Maximus cependant n’avait rien perdu des paroles de Gilles, et il s’opérait en lui un petit travail qui le rendait muet et l’œil fixe en face de son verre de rhum.

— À quoi diable songez-vous donc, mon cher Maximus, dit Auguste Duroquois, vous êtes devenu figé tout-à-coup ; serait-ce un commencement de paralysie ? oui bien !

— Hein ! cria Maximus, en faisant un soubresaut ; qui parle de paralysie ? Non, non, ajouta-t-il en se palpant, — la paralysie et l’apoplexie étaient ses deux cauchemars — je suis très-bien… n’est-ce-pas, Céleste.

— Certainement, mon frère ; mais monsieur Duroquois demande ce qui te faisait songer…

— Quelque nouvelle amélioration en agriculture sans doute, glissa sournoisement Gilles Peyron, ou quelque calcul profond, comme monsieur de Mont-Rouge a dû en faire souvent pour parvenir à cette immense fortune si bien méritée d’ailleurs.

— Eh ! mon Dieu ! vous n’y êtes pas du tout, dit Maximus, avec un sourire plein d’aimables promesses, le titre de Mont-Rouge l’avait singulièrement flatté. — Je m’occupais d’une chose… Enfin nous discuterons cela une autre fois, et je vous ferai part de mes petits plans. C’est assez vous dire, mon cher monsieur Peyron, que je compte sur le plaisir de vous revoir ici ; si toutefois notre vie tranquille et modeste — ses yeux disaient magnifique — ne vous effraye pas trop.

Comment donc, monsieur ; mais je suis tout confus de tant de bontés ; et je bénis sincèrement le ciel qui m’a donné l’audace de relancer jusqu’ici mon ami Duroquois ; je compte bien profiter de votre aimable invitation.

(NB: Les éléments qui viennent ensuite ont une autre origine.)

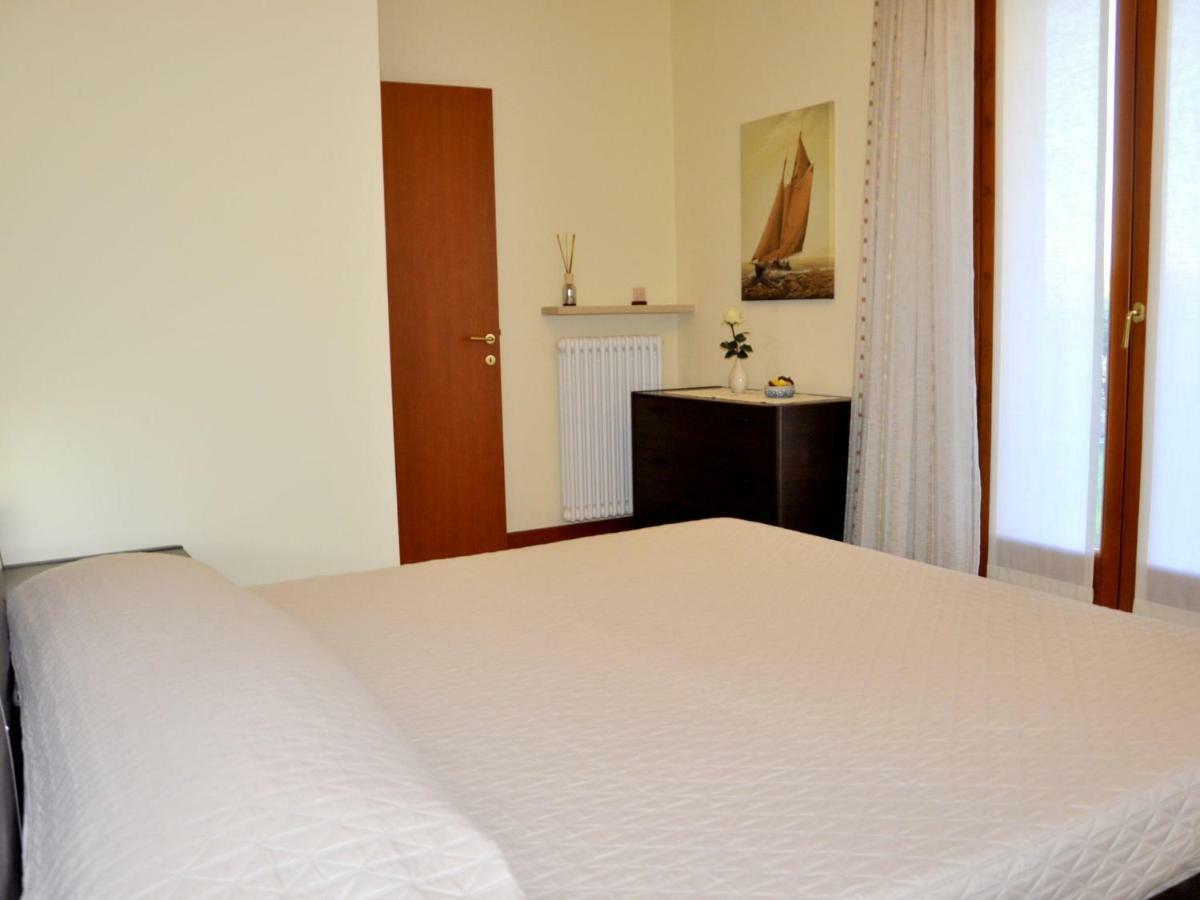 Small Residence Of Only 18 Apartments With Swimming Pool Лацизе Екстер'єр фото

Il commençait à se faire tard ; Duroquois et Gilles Peyron prirent congé de ces dames et de Maximus qui les reconduisit jusqu’à la porte avec des airs de petit souverain.

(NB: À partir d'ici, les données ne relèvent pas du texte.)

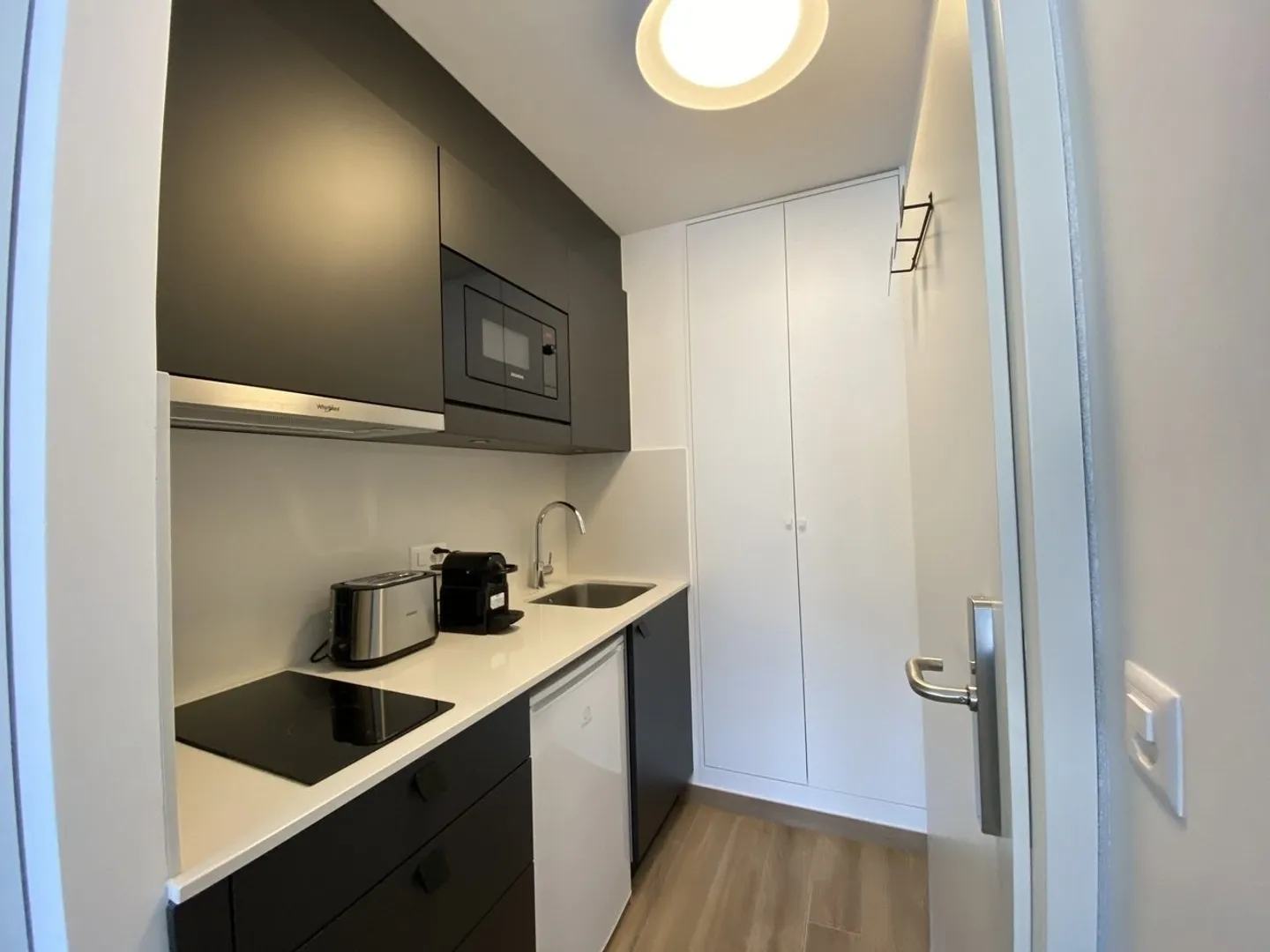 Magnificent furnished studio - Photo 3 of 4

Une fois hors du parterre, Duroquois, après avoir causé quelques temps avec Gilles, s’informa du motif de sa visite.

— Ma foi, répondit celui-ci, j’avais en effet une affaire très-pressée à vous confier pour un de mes anciens clients qui n’a jamais voulu me retirer ses papiers ; mais il est un peu tard, et d’ailleurs, à présent je ne pourrais rien faire pour ce soir.

Si vous voulez bien, je reviendrai demain et nous pourrons en causer plus longuement.

— À votre aise, mon cher monsieur ; je serais fâché seulement si ce retard, qui procède de moi, pouvait aucunement vous être préjudiciable, je le jure. Nullement, nullement ; mon client peut attendre, et cela me procurera le plaisir de vous revoir un peu plus longuement.

Sur ces mots, ils se séparèrent. Duroquois continua son chemin vers sa demeure, et Gilles ayant retrouvé la calèche qui l’avait amené et dont le cocher se réchauffait dans une maison des alentours, sauta lestement sur le siége, et partit à fond de train dans la direction de la ville.